## Exercise data
-*-*-

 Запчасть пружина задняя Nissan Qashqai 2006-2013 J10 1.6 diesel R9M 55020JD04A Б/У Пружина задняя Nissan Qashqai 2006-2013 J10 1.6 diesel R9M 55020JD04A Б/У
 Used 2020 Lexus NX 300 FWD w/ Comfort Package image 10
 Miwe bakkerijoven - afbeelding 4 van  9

-*-*-

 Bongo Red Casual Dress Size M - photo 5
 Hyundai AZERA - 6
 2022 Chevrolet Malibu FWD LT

-*-*-

## Your assignment
Print exactly the lines above from the one with "Запчасть пружина задняя" to the one with "Miwe bakkerijoven - afbeelding", including both.

## Solved problem
 Запчасть пружина задняя Nissan Qashqai 2006-2013 J10 1.6 diesel R9M 55020JD04A Б/У Пружина задняя Nissan Qashqai 2006-2013 J10 1.6 diesel R9M 55020JD04A Б/У
 Used 2020 Lexus NX 300 FWD w/ Comfort Package image 10
 Miwe bakkerijoven - afbeelding 4 van  9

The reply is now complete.